- **YOUR OBJECTIVE**
Output the data below only from the line containing "Used 2014 Gray Chevrolet LTZ image 8" up to and including the line containing "Panel De Terminal", exact and with the pictures left out.

- **AVAILABLE RECORDS**

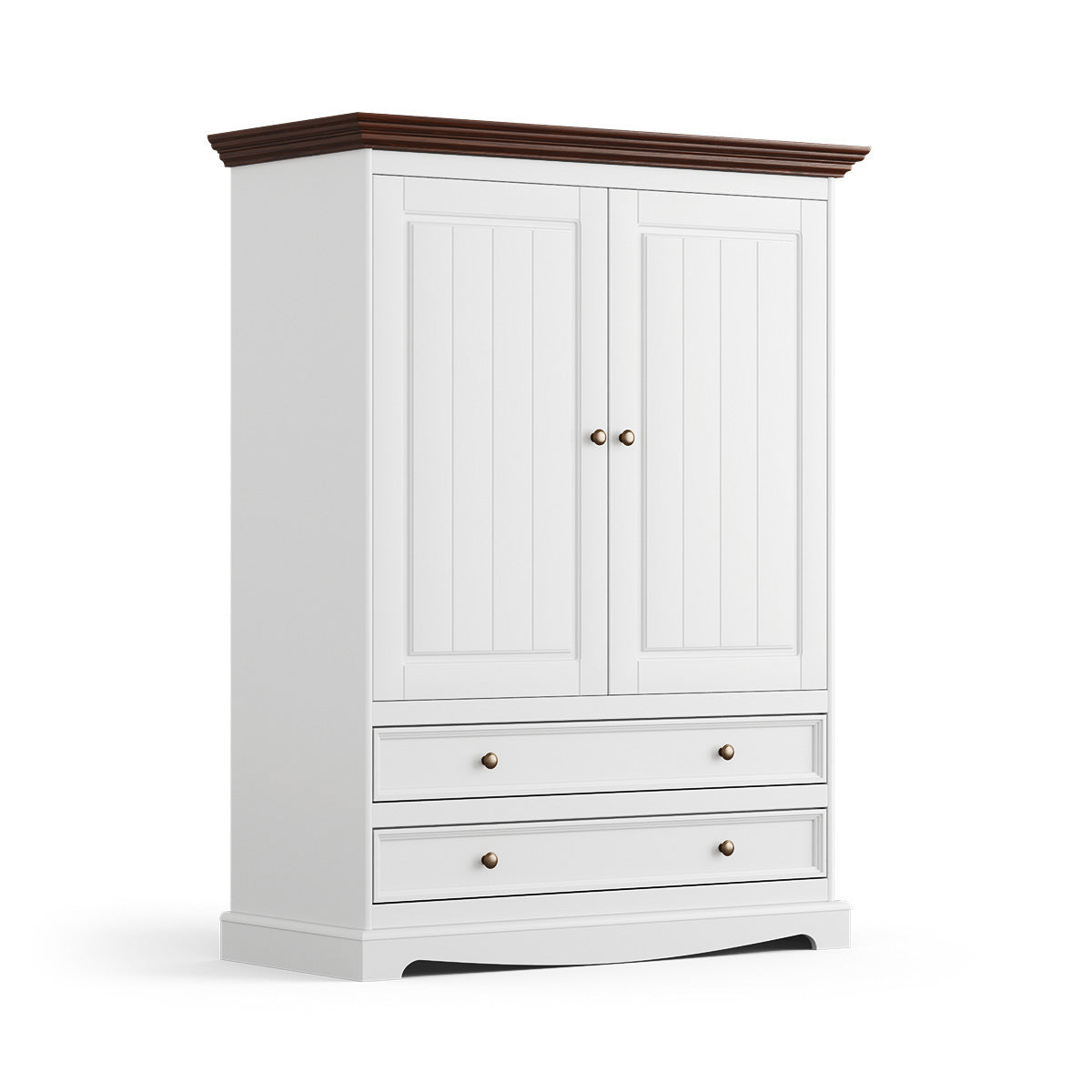 Omara Belluno 47x147 cm, Material: Masivna borovina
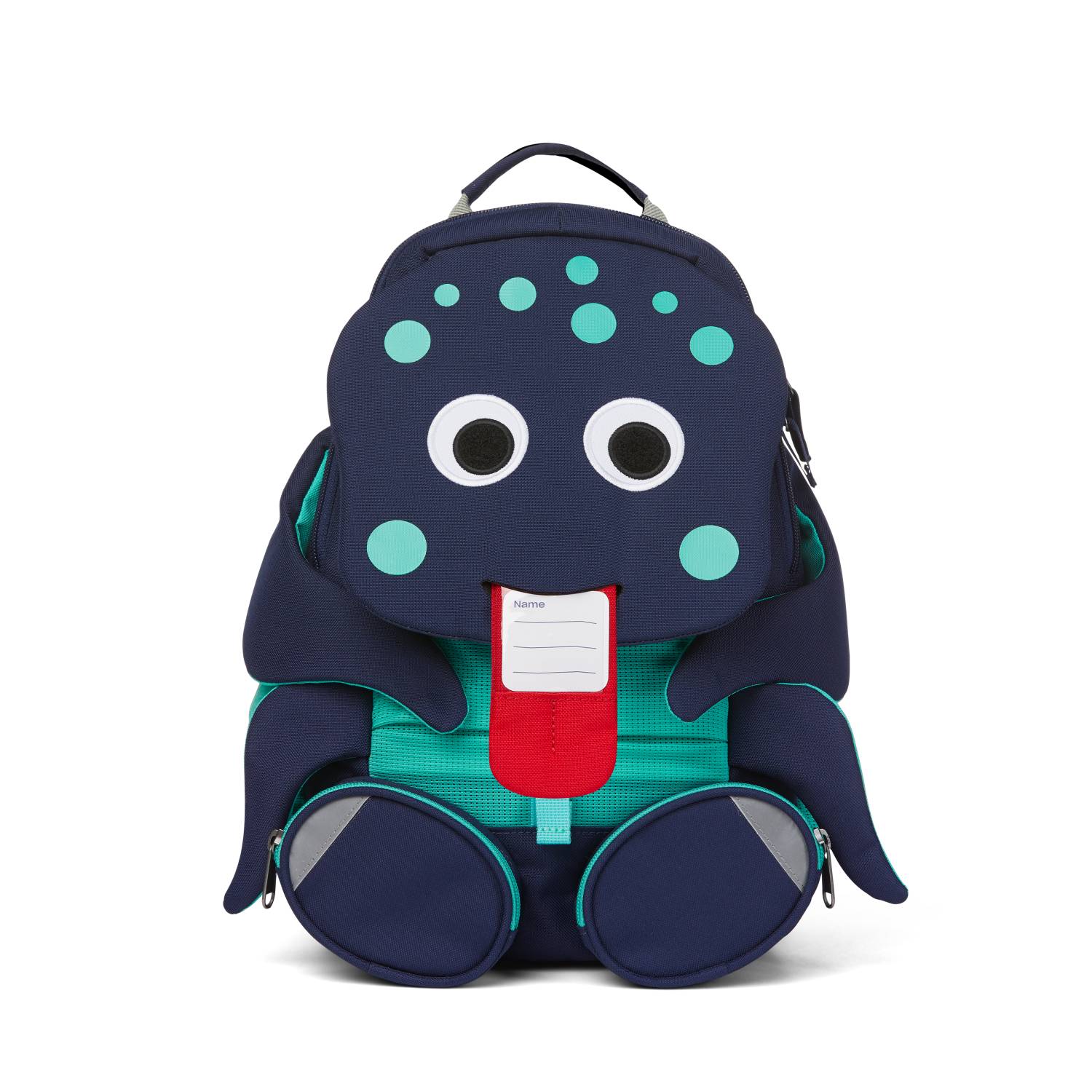 Affenzahn Kinderrucksack Großer Freund Oktopus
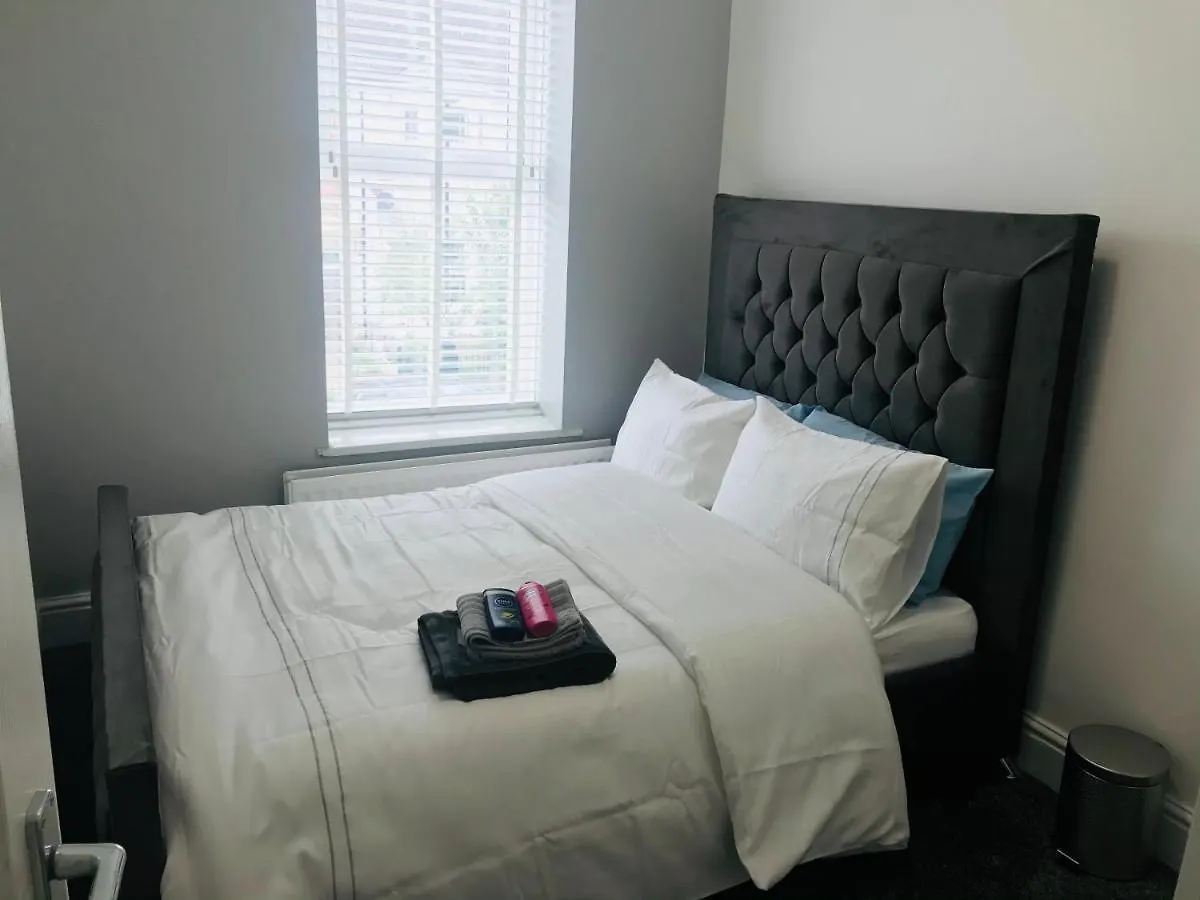 Affittacamere 47 Kingsley Terrace Hotel Newcastle Upon Tyne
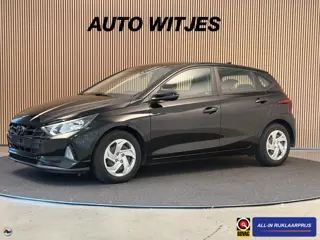 Hyundai i20 1.2 MPI Comfort | Camera | Carplay | Stoel- & Stuurverw. | Incl. garantie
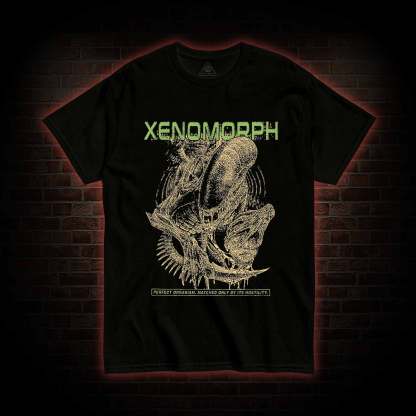 Alien Perfect Organism T-shirt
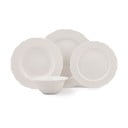 Porcelāna trauku komplekts (24 gab.) Kutahya Golden Era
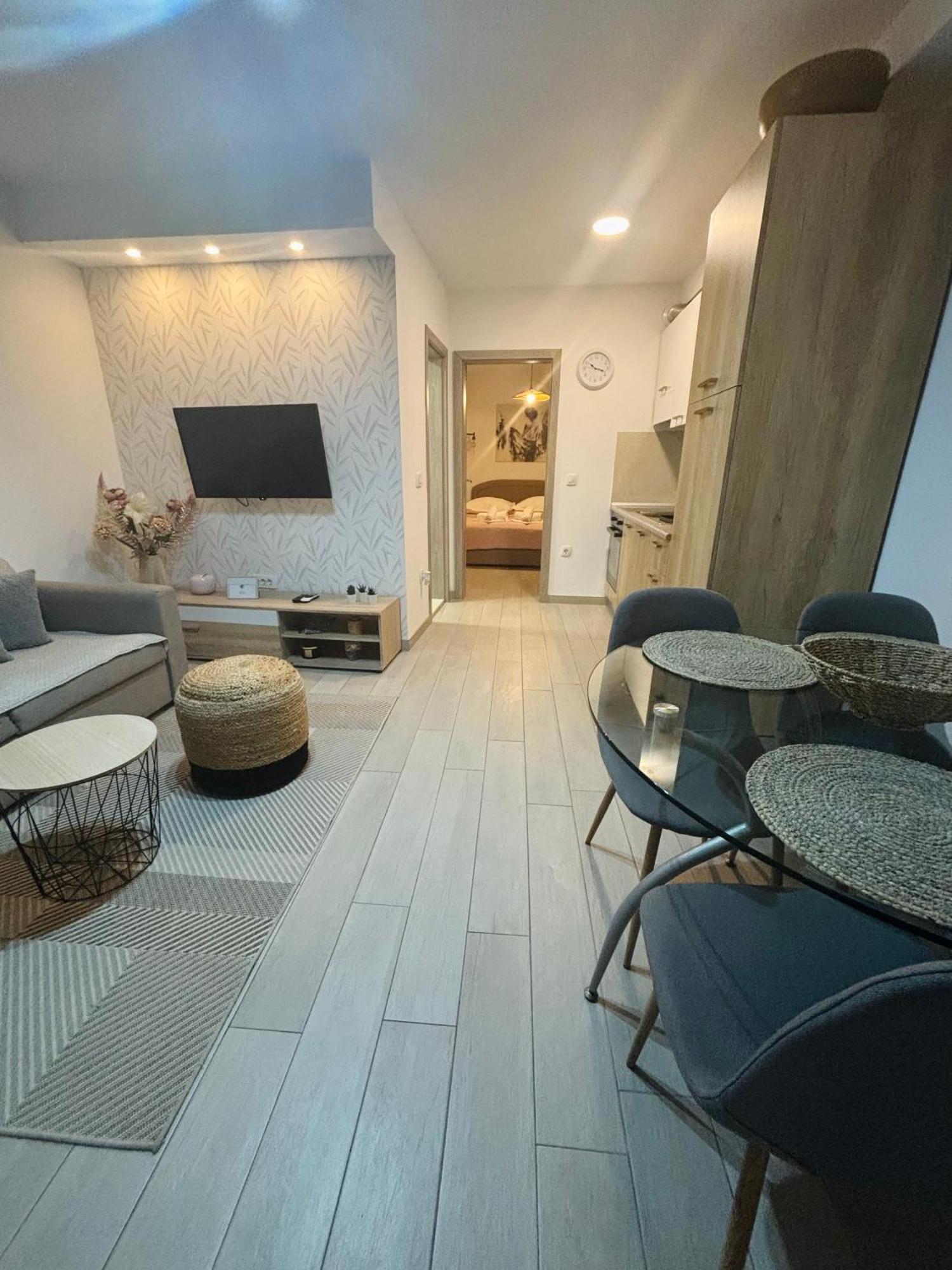 Apartman Onavi Макарська Екстер'єр фото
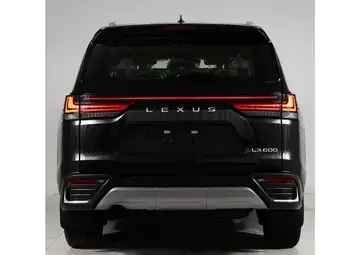 Lexus LX Вид 5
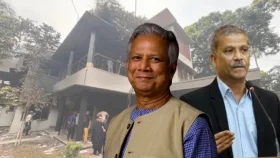 ইউনূস-আসিফসহ ২৭ জনের বিরুদ্ধে মামলার আবেদন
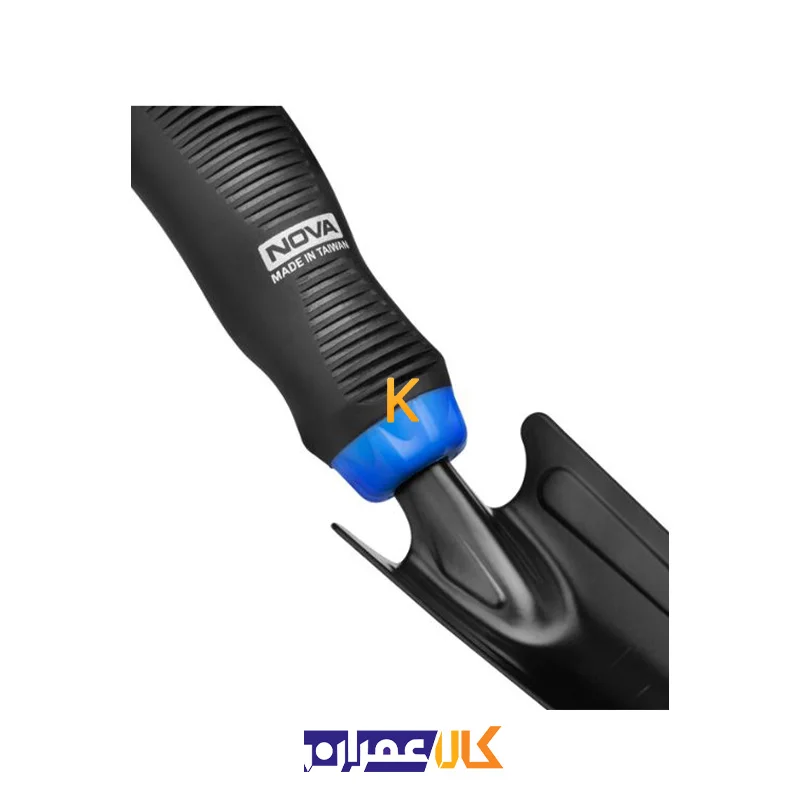 بیلچه باغبانی NTT-2496 نووا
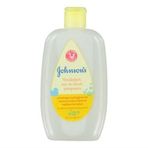 Johnson's Baby Yenidoğan 300 ml Saç Ve Vücut Şampuanı
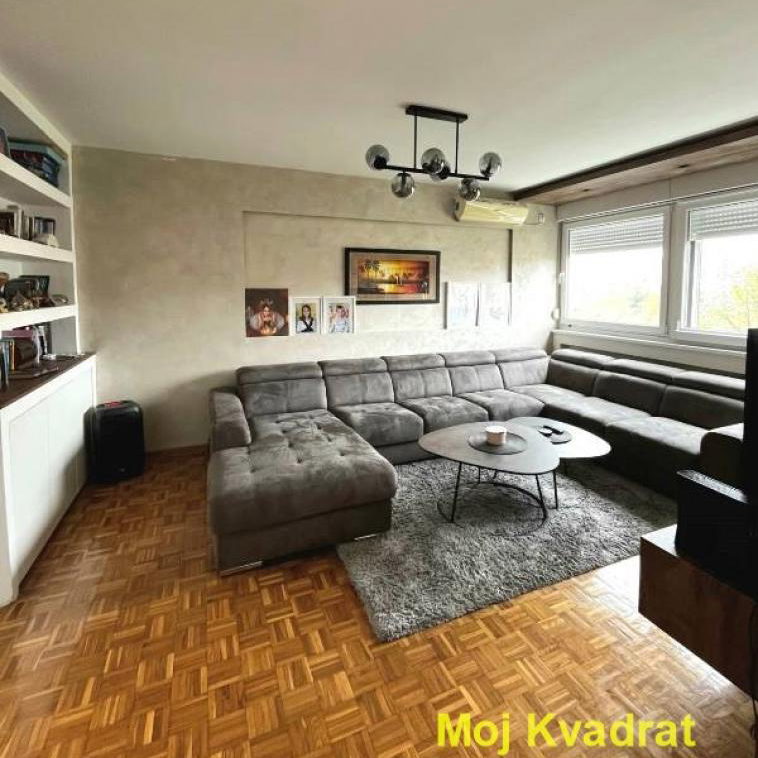 Troiposoban stan na prodaju, Mirijevo, Beograd, 86m², 244.800 €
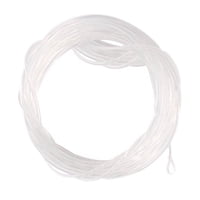 Ioensy - Línea De Mosca Con Bucles Soldados Línea De Pesca Con Mosca De Agua Dulce De Agua Salada Poly Leader 7Ft 12Lbs Clear Floating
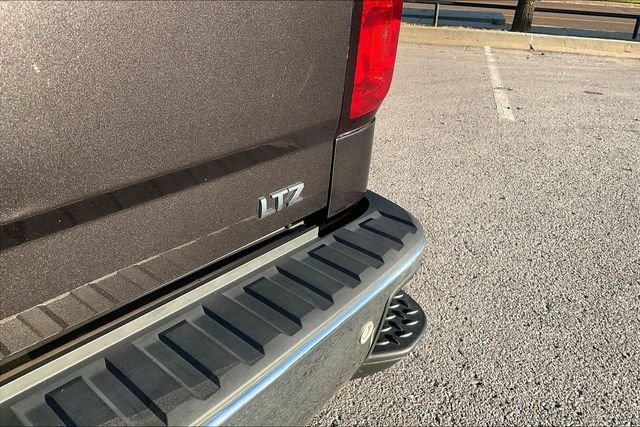 Used 2014 Gray Chevrolet LTZ image 8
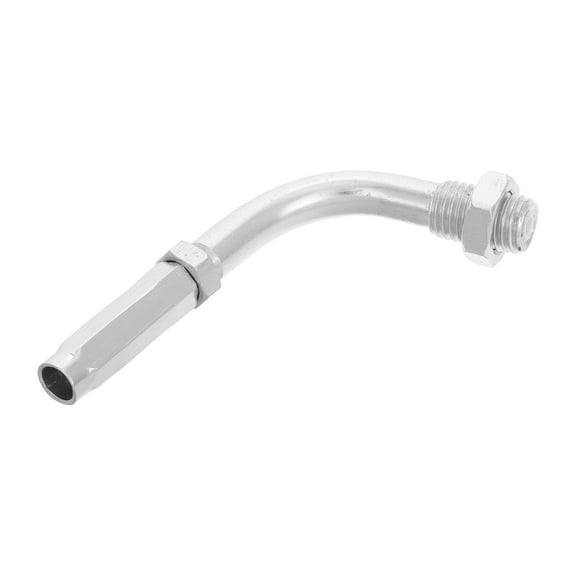 FRCOLOR Adjustable Motorcycle Throttle Cable Adjuster 90 Degree Aluminum Alloy Angle For Precision Control Ideal For Scooter And Modifications Enhancing Performance And Ride Comfort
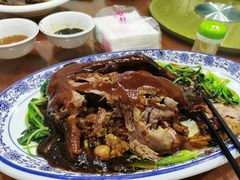 八宝鸭-三林民间传菜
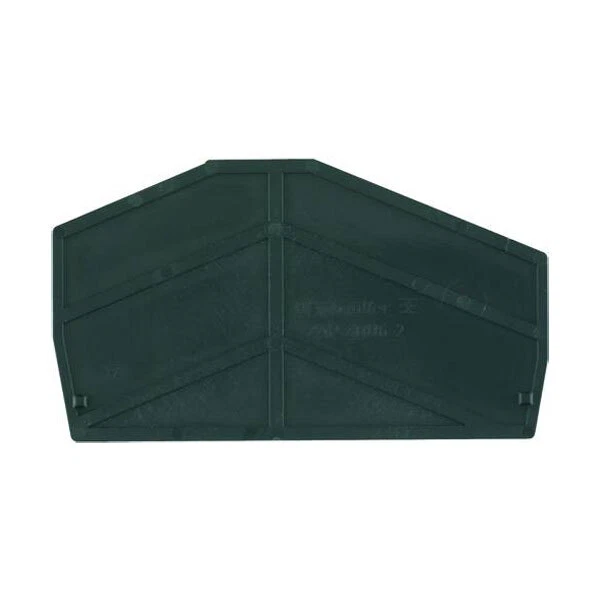 Panel De Terminal Z-Series Weidmüller 1814710000-50 50 Piezas Negro 2mm - Imagen 1 de 1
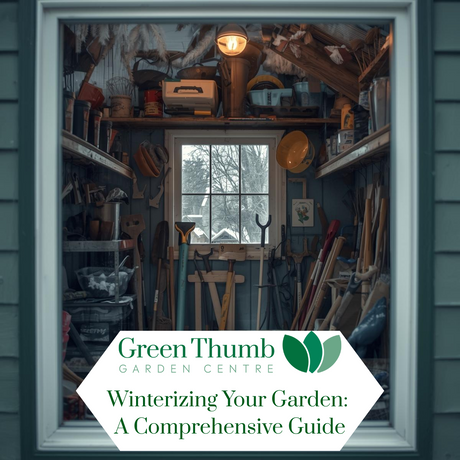 Winterizing Your Garden: A Comprehensive Guide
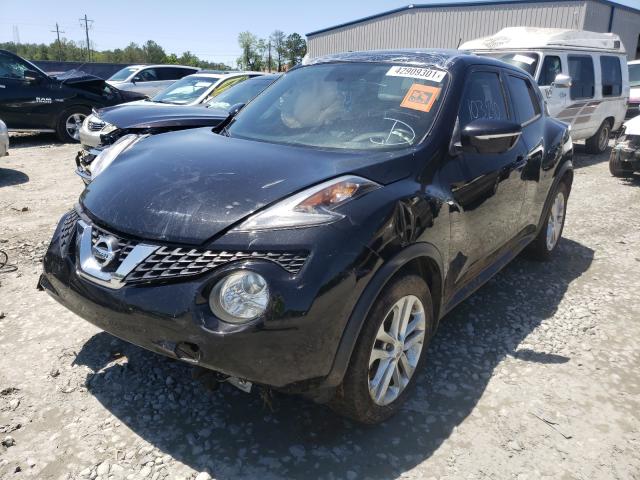 2015 NISSAN JUKE S JN8AF5MR5FT504676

- **FINISHED EXERCISE**
 Used 2014 Gray Chevrolet LTZ image 8
 FRCOLOR Adjustable Motorcycle Throttle Cable Adjuster 90 Degree Aluminum Alloy Angle For Precision Control Ideal For Scooter And Modifications Enhancing Performance And Ride Comfort
 八宝鸭-三林民间传菜
 Panel De Terminal Z-Series Weidmüller 1814710000-50 50 Piezas Negro 2mm - Imagen 1 de 1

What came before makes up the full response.